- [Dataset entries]
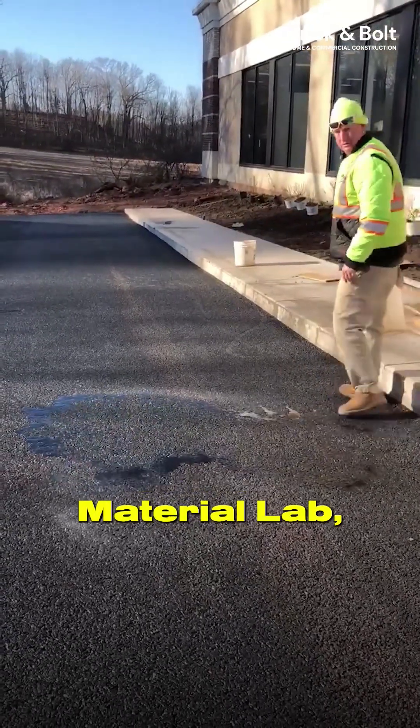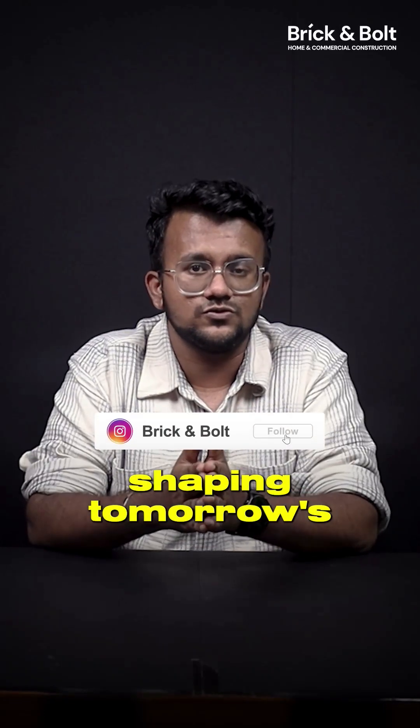Follow us for more episodes of Material Lab, where we uncover the building materials shaping tomorrow's sustainable world.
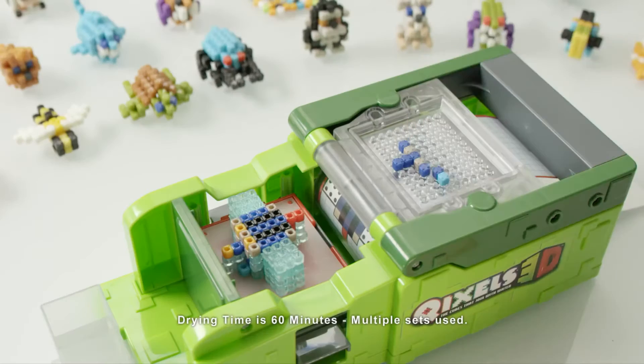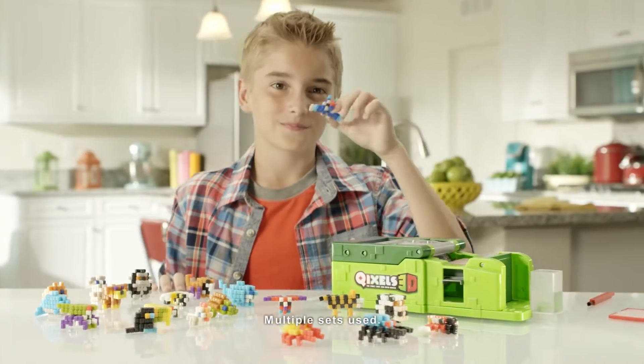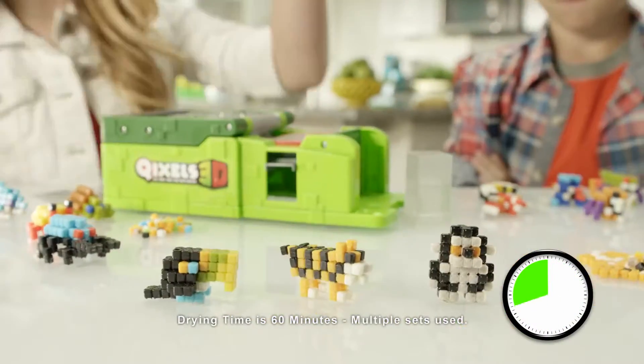Build your design one layer at a time! Fuse with water, then flip and build again, then drive! Build Quixels 3D Space Fighters, or an entire 3D jungle!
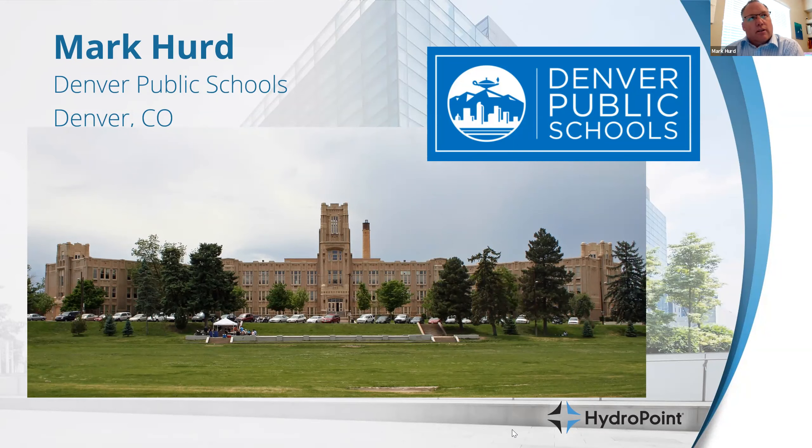One thing that public schools have a challenge with is personnel. We don't have a big budget in public education. A lot of people think that there's a lot of money in public education, but when it really trickles down, we don't have the personnel that we need in maintenance.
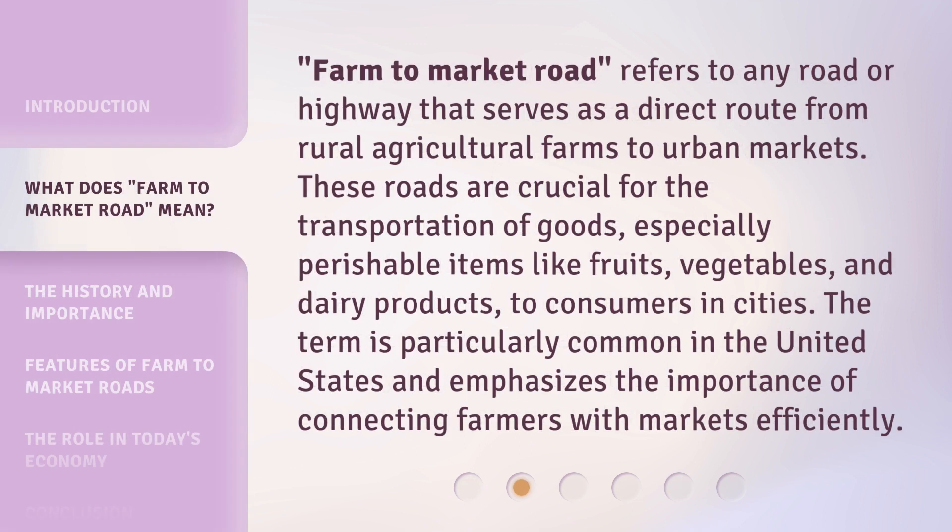Farm-to-Market Road refers to any road or highway that serves as a direct route from rural agricultural farms to urban markets. These roads are crucial for the transportation of goods, especially perishable items like fruits, vegetables, and dairy products, to consumers in cities. The term is particularly common in the United States and emphasizes the importance of connecting farmers with markets efficiently.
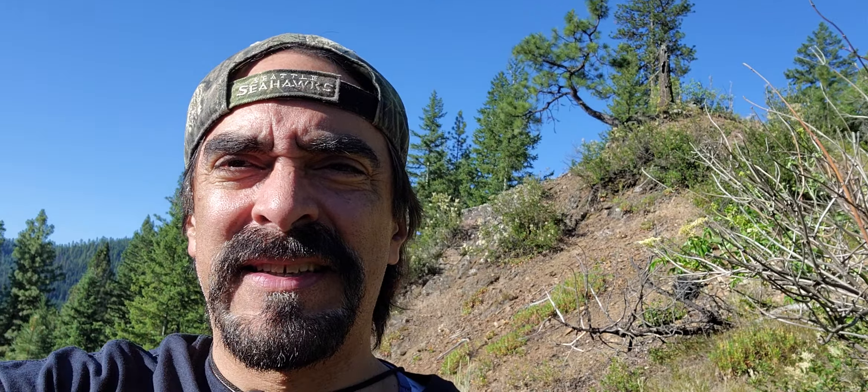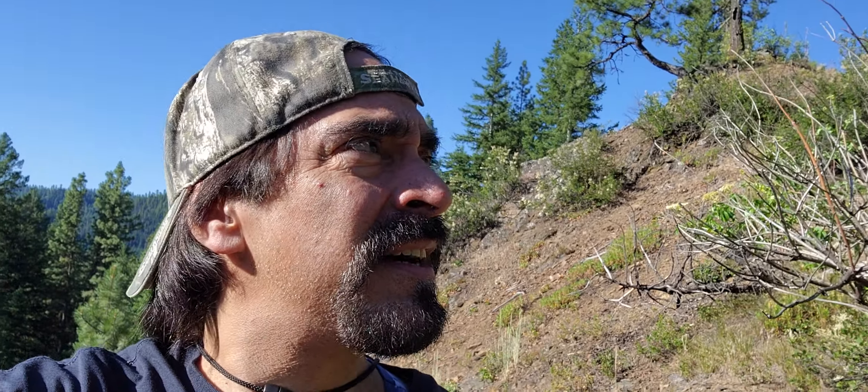Whoo, yeah! There's that peak behind me. It's starting to warm up now. Beautiful day — can't wait to get to some water, cool off a little bit.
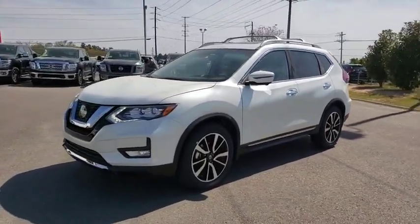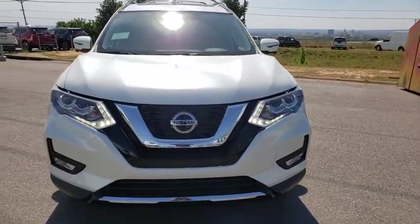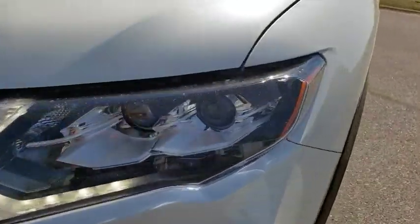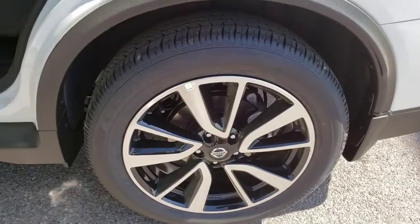This vehicle has less than 100 miles. Here are some of this vehicle's great options: Bose sound system, traction control, LED headlights, navigation system, power liftgate, power passenger seat, dual airbags, power steering.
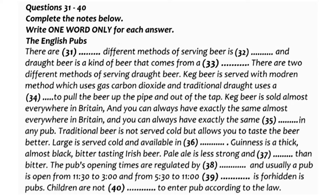First you have some time to look at questions 31 to 40. Now listen carefully and answer questions 31 to 40.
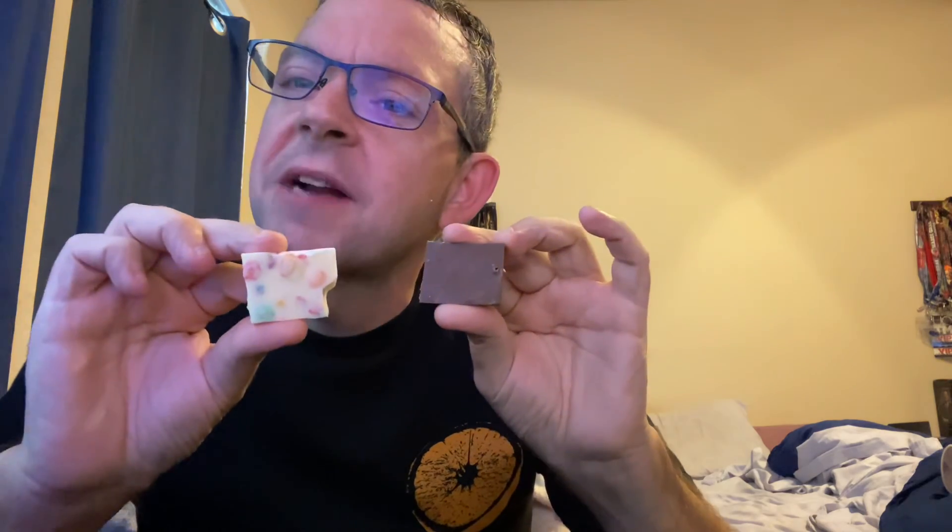That's your Sip and Snack for today. Back to cereals tomorrow. Thank you guys and girls for watching — until tomorrow, boys and girls, that's all I've got to say about that.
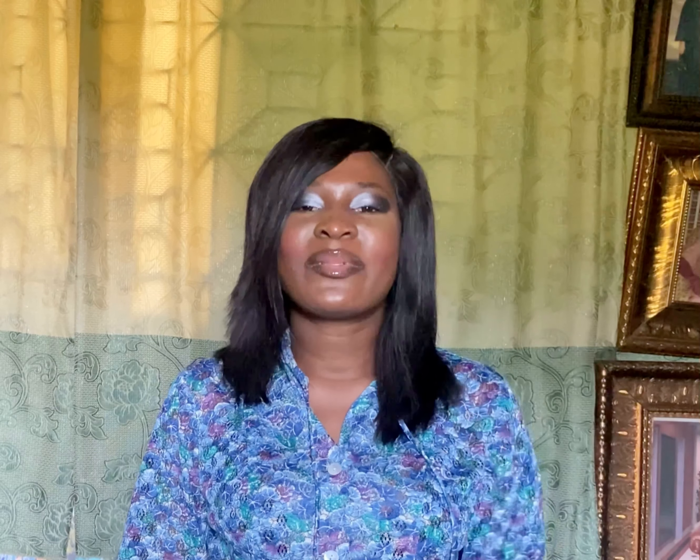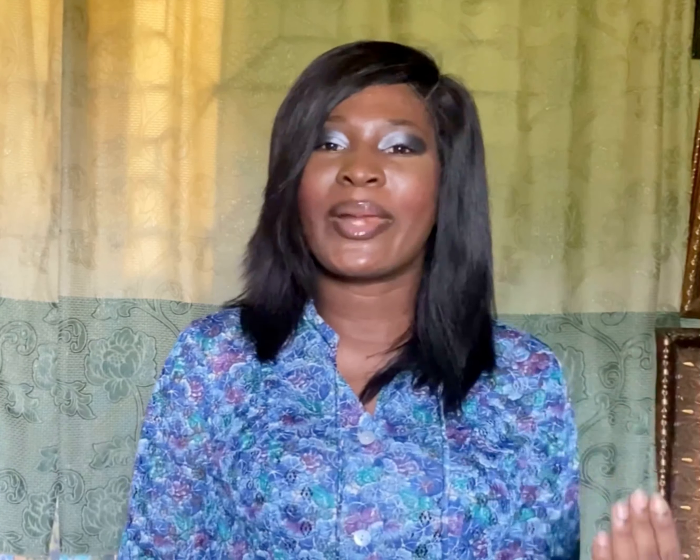The first skincare tip you need to know is that it's best to use warm water to wash your face instead of using cold water. Using cold water tends to clog up your pores, and when your pores are clogged, that's where you normally get acne, blemishes and other skin problems.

- [Exercise brief]
Could you output exactly the lines above, from the line with "Whoo, yeah! There's" up to and including the line with "This vehicle has", and nothing else, skipping the pictures?

- [Answer to this task]
Whoo, yeah! There's that peak behind me. It's starting to warm up now. Beautiful day — can't wait to get to some water, cool off a little bit.
This vehicle has less than 100 miles. Here are some of this vehicle's great options: Bose sound system, traction control, LED headlights, navigation system, power liftgate, power passenger seat, dual airbags, power steering.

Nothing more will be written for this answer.